NASA’s interim leader Sean Duffy didn’t make it through a single sentence in his announcement that the agency’s Mars Perseverance rover had spotted “potential biosignatures” on the Red Planet last year without sucking up to president Donald Trump.
While we’re still far from a definitive conclusion about current or ancient life on Mars, it was an exciting finding, with a sampled rock containing minerals closely associated with Earth-based microbial life.
The only problem? The Trump administration has made it clear that it’s not interested in returning the samples taken by NASA’s Perseverance rover back to Earth for laboratory analysis.
The agency’s Mars Sample Return mission had been a hot-button topic for years, with lawmakers balking at the proposed plan’s astronomical price tag of $11 billion. But the Trump administration wants to nix the mission altogether in its potentially devastating 2026 budget proposal, alongside dozens of other planetary science missions.
In other words, as much as Duffy glazes Trump publicly, in reality, Trump is our planet’s number one obstacle to following up on NASA’s blockbuster findings about life on Mars.
As Ars Technica reports, Duffy had very little to add when needled by reporters this week about the Trump administration’s commitment to returning the Mars samples, clumsily avoiding making any promises.
“What we’re going to do is look at our budget, so we look at our timing, and you know, how do we spend money better?” he told one reporter. “And you know, what technology do we have to get samples back more quickly?
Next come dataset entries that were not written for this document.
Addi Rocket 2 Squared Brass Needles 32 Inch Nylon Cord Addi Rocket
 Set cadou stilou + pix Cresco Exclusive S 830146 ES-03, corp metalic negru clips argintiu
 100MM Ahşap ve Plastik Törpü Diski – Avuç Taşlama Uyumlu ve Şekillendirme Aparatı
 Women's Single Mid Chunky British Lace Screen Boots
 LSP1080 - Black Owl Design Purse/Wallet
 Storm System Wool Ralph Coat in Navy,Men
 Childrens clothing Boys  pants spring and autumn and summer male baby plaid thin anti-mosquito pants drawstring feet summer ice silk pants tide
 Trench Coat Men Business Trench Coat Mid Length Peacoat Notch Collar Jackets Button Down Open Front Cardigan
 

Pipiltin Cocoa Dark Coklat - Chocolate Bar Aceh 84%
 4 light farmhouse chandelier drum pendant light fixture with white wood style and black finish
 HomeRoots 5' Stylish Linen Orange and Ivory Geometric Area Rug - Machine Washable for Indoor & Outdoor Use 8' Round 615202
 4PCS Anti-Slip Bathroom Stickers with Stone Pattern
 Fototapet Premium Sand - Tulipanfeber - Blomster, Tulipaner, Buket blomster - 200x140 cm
And so that’s a current analysis that’s happening right now.”
Duffy also reiterated that the Trump administration was pouring all of its resources into sending “our boots to the Moon and to Mars” — efforts that would be far more complex, expensive, and time-intensive than a sample return mission. (And that’s if sending astronauts to the Red Planet is even feasible in the first place.)
To experts, canceling the Mars Sample Return mission would be an enormous and costly mistake.
“Our understanding of Mars has gotten to the point that the questions we’re asking can best be addressed with returned samples,” University of Colorado Boulder senior research scientist Bruce Jakosky told Space.com earlier this year.
“To decide not to return them, or to put it off to an indefinite future time with human missions would be to take a major step back in exploring the solar system and the universe and in continuing to develop our scientific understanding of the world around us,” he added.
Jakosky also explained that such a mission could lay important groundwork for future crewed missions to the Red Planet, and “allow us to solve important problems in planetary protection so that we don’t put the Earth at risk from possible Martian microbes.”
Instead, the Trump administration wants to award the private space industry $1 billion to send the first humans to Mars.